We were up and out early this morning for a LONG bus ride over to Fjordland National Park, specifically to Milford Sound, which was dubbed the Eighth Wonder of the World by Rudyard Kipling.
By air, it's only about 50 miles between Queenstown and Milford Sound - by road, it’s about 200 miles. Fortunately, it is a beautiful drive and our driver was a font of information about the area, the people, the plants and the animals. First we headed south along Lake Wakatipu, at the foot of the Remarkable Mountains - this was an area of many sheep farms, including some on the "other" side of the lake, accessible only by boat.
Then we headed west through a river valley and along Lake Te Anau, and finally north over the mountains to Milford Sound. By the last part of the trip, the weather had turned wet, but the scenery still was striking - wide glacier-carved valleys ringed by towering mountains capped with snow. We went through steep gorges and between walls of solid rock and moss-covered trees.
This area is a cool temperate rainforest, jungle-dense and complete with vines, climbers, perching plants and ferns, including tree ferns. The predominant tree is the silver birch, which thrives in wet conditions.
This jumble of trees and roots is part of what remains from an avalanche earlier in the year. When the snow comes flying down the mountain, it strips everything in its path - and closes the road for long periods of time.
Fjordland National Park, at 3 million acres, is New Zealand's largest national park. Its steep and rugged coastline, dense forest and challenging climate results in a region that has almost no towns or roads. It is one of the wettest places in the world, averaging nearly 20 feet of rain and snow per year. With heavy rain, the rock walls stream with waterfalls and small rivers become raging torrents. With snow comes the risk of avalanches.

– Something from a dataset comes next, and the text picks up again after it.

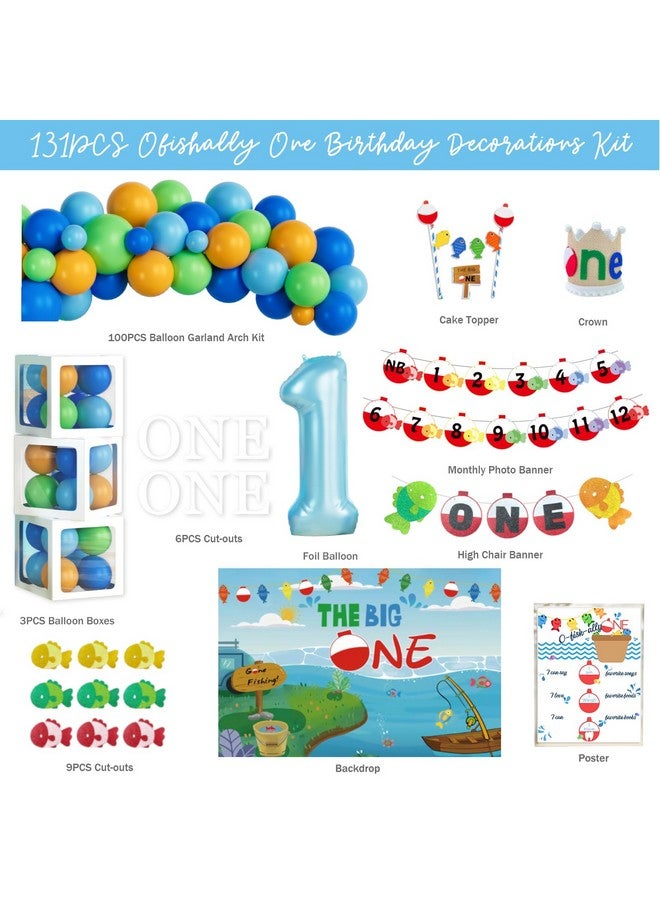 Hombae Ofishally One Birthday Decorations, Gone Fishing 1st Party Decorations Backdrop, The Big One Backdrop Balloon Photo Highchair Banner Box Cutout Crown Poster for First Birthday Party Supplies - Image 2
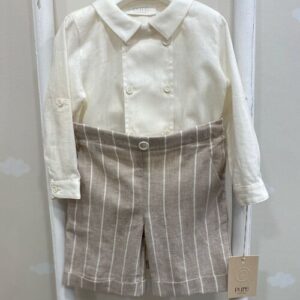 COMPLETO LINO BEIGE E RIGHE PURE F.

The Homer Tunnel is an engineering feat that makes it possible to get through the last mountain range to the Tasman Sea, on the West Coast of New Zealand. The tunnel is only about 3/4 mile in length, but it took quite a while to become reality. It was first proposed in 1889, work began in 1935, and it finally opened in 1954. There's no lighting inside, no lanes are marked and it's pretty narrow – just wide enough for one-way traffic.
Just past the tunnel, we stopped at The Chasm. In spite of the rain, we took the 15-minute walk through the forest to see a wonderful bit of natural erosion on the Cleddau River - a deep gorge with swirling currents resembling a giant toilet flushing. This must have been quite a surprise to early explorers canoeing down this steam.
In the parking lot, we spotted a Kea, New Zealand's largest parrot. This fellow was a bit damp, but he had plenty to say to the humans standing around gawking at him.
At road's end, we boarded our vessel - the Sinbad - and headed out into Milford Sound, bound for the Tasman Sea, 14 miles away. This huge fjord is lined with mountain peaks that rise sharply out of the water to heights of nearly 6000 feet. The water depth reaches nearly 2000 feet.
It rains a lot around here and we experienced a typical wet day. The good news was that rain brings waterfalls to life and we saw hundreds of waterfalls cascading down spectacular cliff faces.
Wildlife viewing was a bit limited by the weather, but we did see New Zealand fur seals and Fjordland crested penguins.
The weather improved a bit on the ride back and we were treated to a beautiful rainbow.